Многие думают, что покаяние - это биение себя в грудь, посыпание себя пеплом и поливание грязью. Покаяние, в религиозном смысле, есть изменение сознания, "метанойя" по - гречески. Не это ли должно совершиться в финале трагедии? - но Пушкин опускает занавес, откладывая финал на какое - то будущее.

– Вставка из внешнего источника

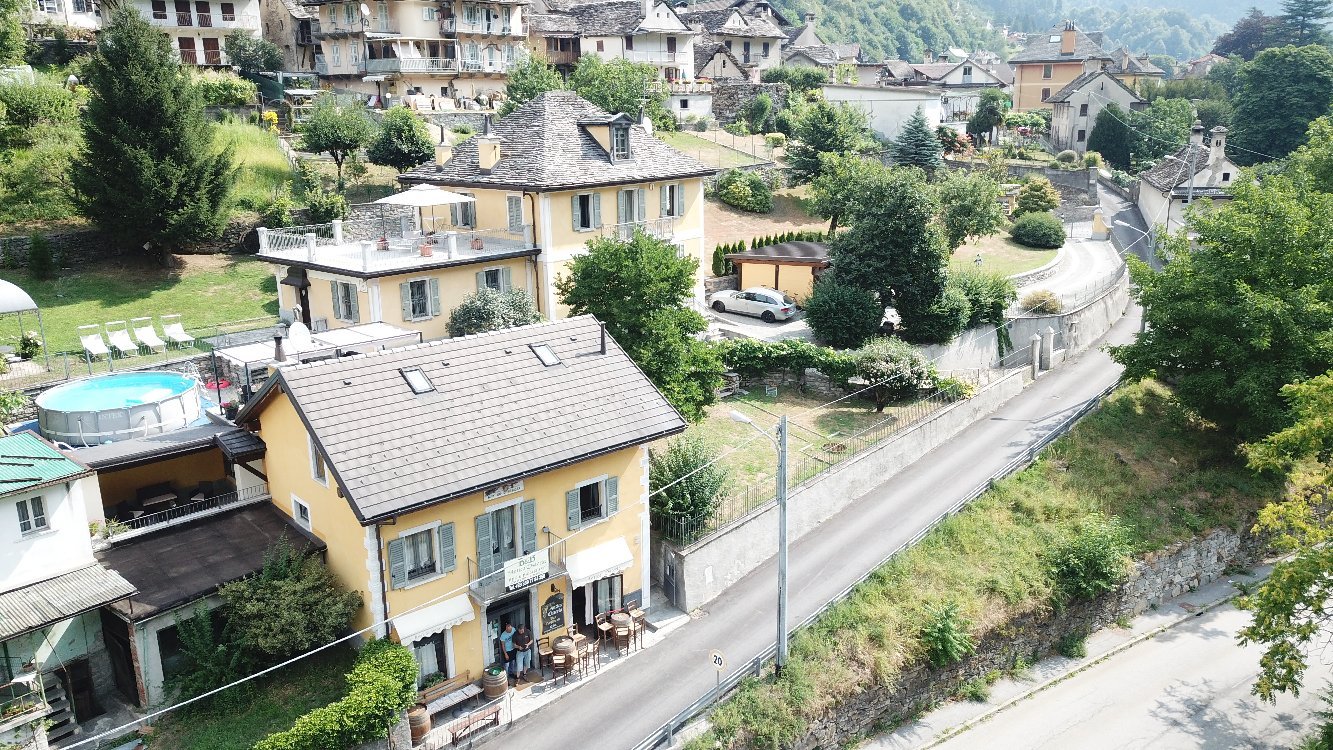 B&B Dell'antica Osteria-官方
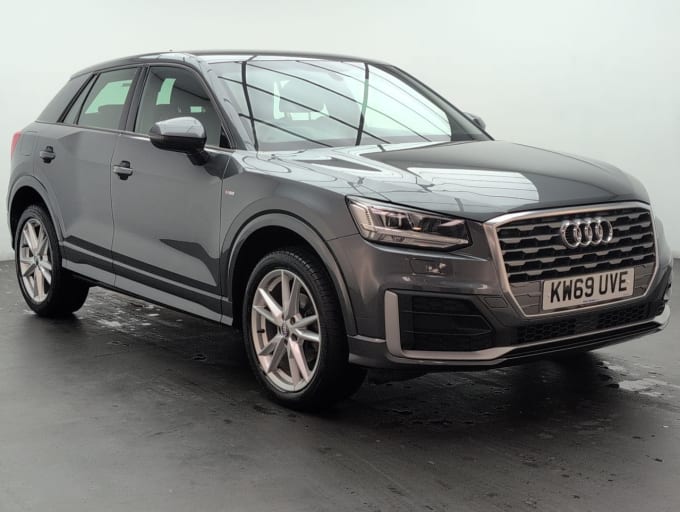 2025 Audi Q2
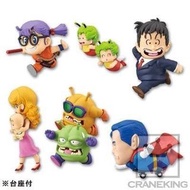 全新日版 wcf IQ 博士 鳥山明 小雲 小吉 阿拉蕾 龍珠 全6款 Memorial Parade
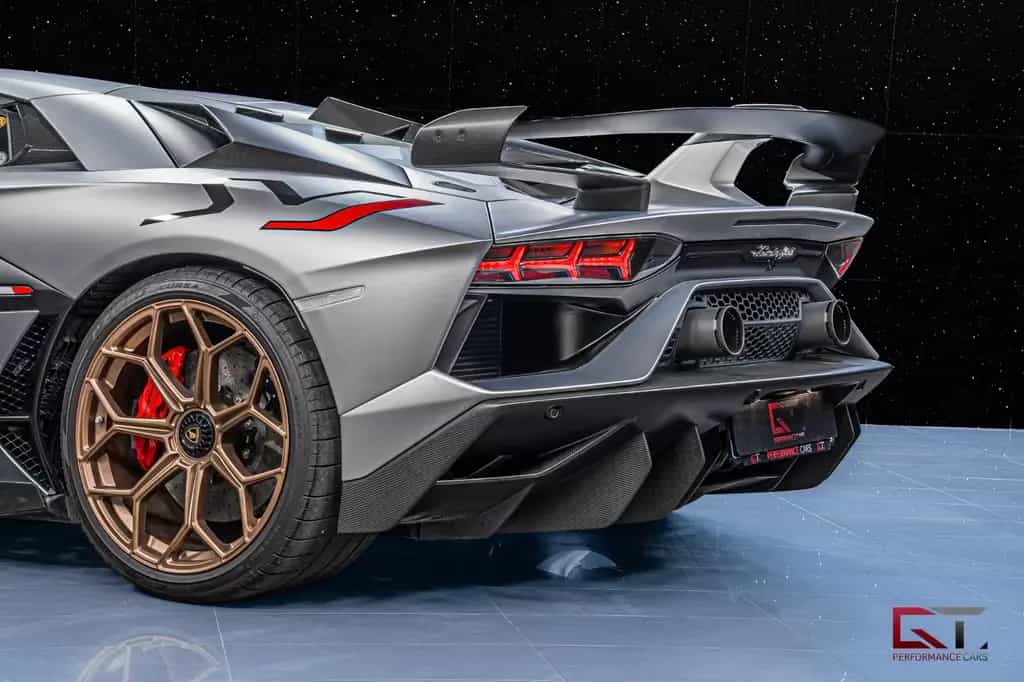 Lamborghini Aventador SVJ Carbon Lifting Camera NOVITEC 11/2019-photo-9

И "Пир во время чумы", уж разумеется, про нас. Это трагедия отступничества, трагедия попрания и извращения веры, всего, что свято, и - ко всему - трагедия об ответственности культуры, ее творцов и избранников; впрочем, об этом надо говорить отдельно (см. "Под небом голубым", "Поэт и толпа" - В.Н.).

* * *

Трагедия России - прежде всего духовная трагедия, и с нею связана печальная судьба "советского" Пушкина.Коренной предпосылкой катастрофы было условие не политического или экономического характера; предпосылкой было безбожие отступничество, попрание веры, искоренение памяти о священных основах бытия - все то, чем полон мир в изображении Пушкина. И результате социальные и иные стихии взбесились - как Нева, как Чума, - произведя и продолжая производить неслыханное духовное опустошение, которого жертвами - но и достойными наследниками - мы сегодня являемся.Однако свято место пусто не бывает, "духовную жажду" не отменить никакой системе, никакому режиму. Если официальная идеология вместо Святой Троицы учредила свою - с большим бородатым Марксом в роли "бога - отца", то в утесненном и изуродованном культурном сознании под "духовностью" стала пониматься прежде всего... любовь к искусству ("духовная жизнь" трудового коллектива - совместные походы, скажем, в театр; а у интеллигента - посещение, предположим, консерватории); место же высшего "духовного" авторитета занял - в силу очевидного своего помазанничества - Пушкин, отсеченный от своих духовных корней, перетолковываемый в духе религии человекобожества - марксистском, потом "либеральном", потом диссидентском и так далее.Христианская вера исключает поклонение человеку, даже такому, как Пушкин. Можно благоговеть перед гением, даром Божьим, который не заслуга того, кому он вручен; перед личным подвигом обладателя, достойно несущего такую ношу. Но ведь это совсем другое. Ни у кого из нас, будь он хоть трижды гений, нет права на поклонение со стороны других. Гений - это такое право, которое все состоит из обязанностей.Много говорят о правах человека. Не боюсь сказать: слишком много. Забывается одна тонкость.Есть книга, которую Пушкин дерзнул сравнить с Евангелием; это христианское сочинение, и оно называется "Об обязанностях человека". Не будем обсуждать, можно ли что - нибудь сравнивать с Евангелием, но таково уж было впечатление Пушкина; думаю, его поразила, помимо прочего, сама постановка вопроса: не права человека, но - обязанности его. Это - изменение точки отсчета, другая антропология.Права человека - категория социальная и юридическая, то есть по отношению к человеку внешняя. Права человеку обеспечиваются извне его, в наружных условиях его существования. Это категория цивилизации.